Our Idiot Brother concerns Ned, a “biodynamic” farmer who is sent to prison for selling marijuana to a police officer (who was in uniform at the time). Upon his release, he finds his girlfriend of three years has found another man and has kicked Ned to the curb, yet she refuses to give up Ned’s dog, Willie Nelson. This sets in motion a movie with no plot. Essentially, Ned, now homeless, imposes on his mother and three siblings, and ends up affecting their lives greatly.

Were Our Idiot Brother a book or a report, its thesis would be Ned’s statement to the character played by Janet Montgomery, Lady Arabella: people are inherently good (that is an oversimplification but I can’t remember the exact wording). Ned’s optimism and naïveté lead to many divulged secrets and unplanned confrontations. His good-naturedness and good intentions make him easy to love even as he upends the lives of his three sisters. Their problems are their own of course, but they were perfectly happy letting these problems simmer before Ned came along.
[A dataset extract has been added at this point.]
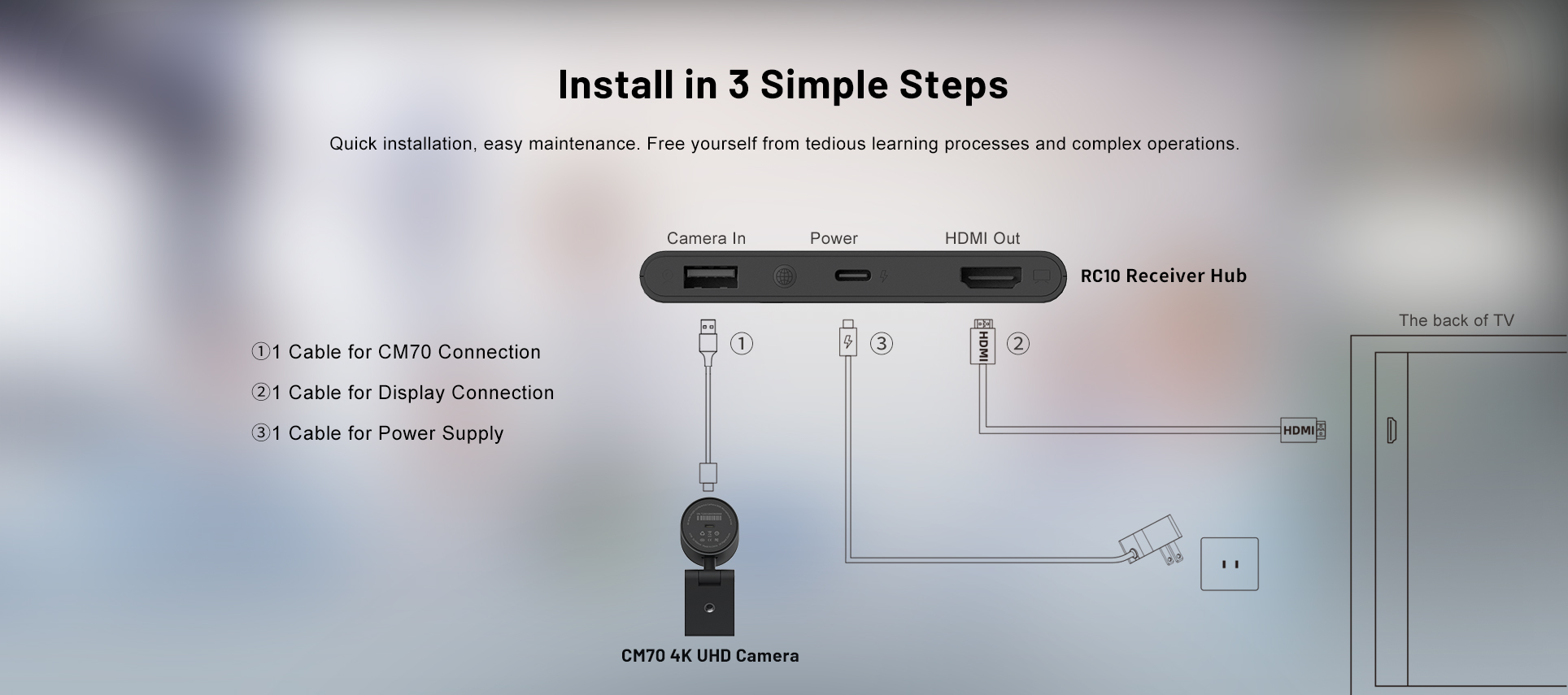Sistema Videoconferencia Fanvil CA400
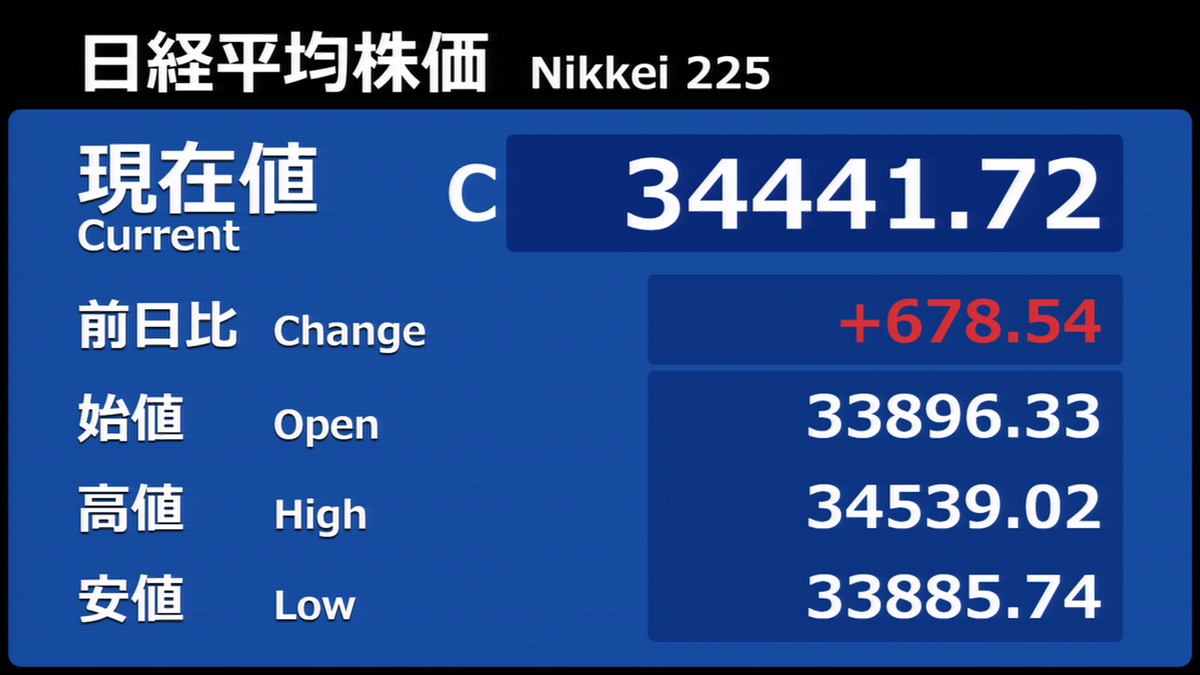 日経平均3万4000円の大台超え　取引時間中、終値ともにバブル後の最高値更新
Between Paul Rudd, Zooey Deschanel, Elizabeth Banks, and the always amazing Emily Mortimer, Our Idiot Brother is an actor’s showcase. There is not a single sub-par performance to be seen. Even the supporting cast is stupendous! Rashida Jones, Adam Scott, Sterling K. Brown, and T.J. Miller (who steals ever single scene he is in) are all giving A+ performances with their small amount of time on screen. The actors are able to do so well because of their talent, of course, but also because the writing gives them characters to sink their teeth into. Some of them don’t have much, such as Adam Scott’s Jeremy, but that doesn’t give the impression that their characters are one-dimensional; it merely means that we don’t get much time with them. Adam Scott manages to give his character unwritten depth by his performance. And the same goes for the other actors with not too much time on screen. All of the characters ring true.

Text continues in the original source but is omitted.